Download or read book Targeted Killing in International Law written by Nils Melzer and published by Oxford University Press on Demand. This book was released on 2008-05-29 with total page 523 pages. Available in PDF, EPUB and Kindle. Book excerpt: This title examines the international lawfulness of state-sponsored targeted killings in military and police operations. Analysing recent state practice and jurisprudence, it establishes when targeted killing may be considered lawful, and what legal restraints are imposed on the practice in times of war and peace.
Download or read book The Russian Ukrainian Conflict and War Crimes written by Patrycja Grzebyk and published by Taylor & Francis. This book was released on 2024-10-07 with total page 318 pages. Available in PDF, EPUB and Kindle. Book excerpt: This book offers a multidisciplinary examination of the international crimes committed in the Russia-Ukraine War, and the challenges of their prosecution and documentation. As the largest international armed conflict in Europe since World War II, Russia’s war against Ukraine has provoked strong reactions and questions about the post-1945 world order, the utility of the war, and the effectiveness of international criminal justice.
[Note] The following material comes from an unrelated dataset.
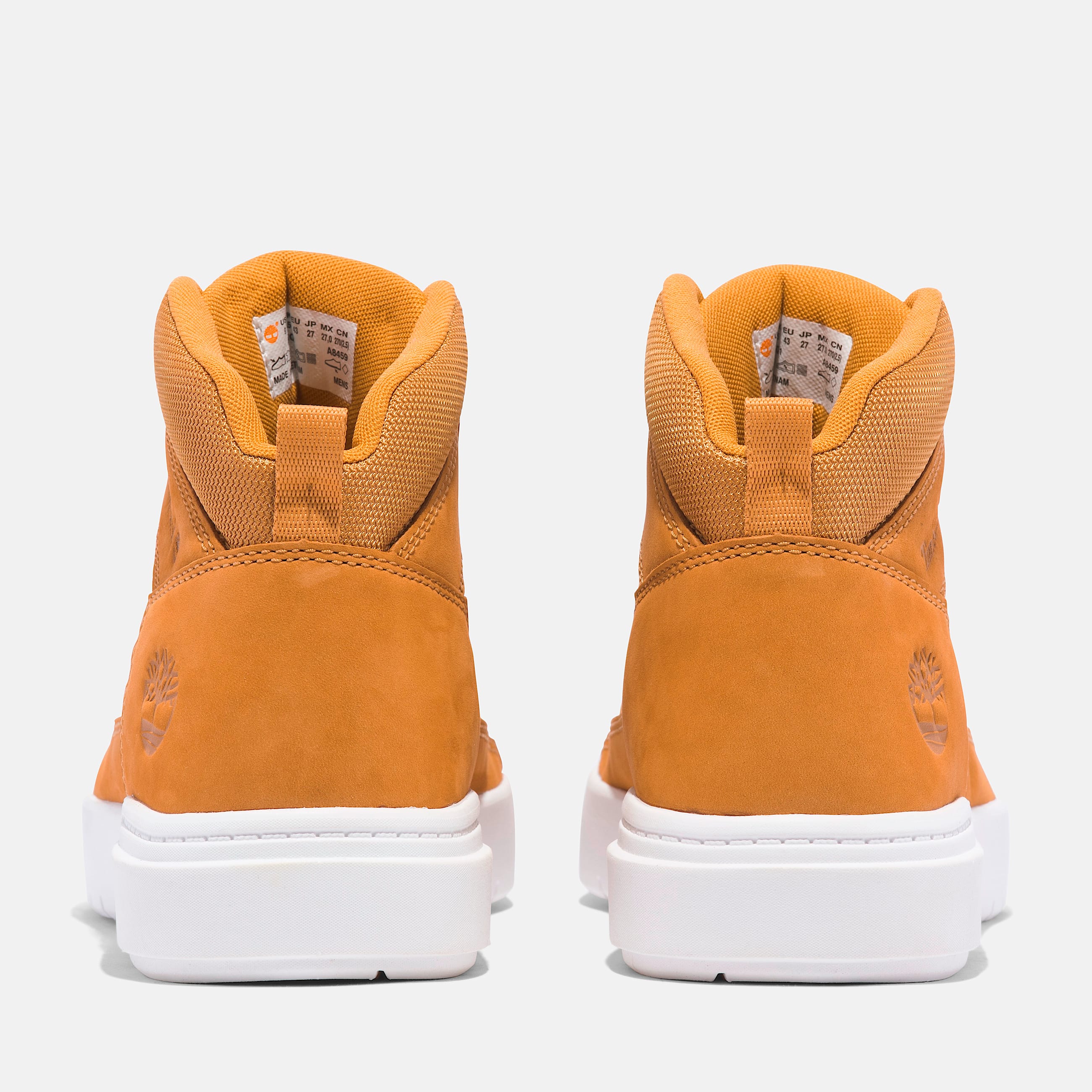 Mens Allston Sneaker TBL Wheat Nubuck ALT5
Throughout the chapters in this volume, scholars and legal practitioners from Canada, Germany, Poland, Ukraine, the UK, and the United States present the results of interdisciplinary research, insights from the perspective of other post-communist states, and first-hand expertise from directly working on the documentation and prosecution of these crimes. This offers a broader picture of post-Cold War relations and sheds light on the roots and nature of the war and the importance of regional approaches. The chapters also present some possible responses to the crimes committed in the conflict, with a focus on a victims-centered approach to transitional justice. This volume will be of interest to scholars and students of international criminal and humanitarian law, security studies, peace and conflict studies, and Eastern European history.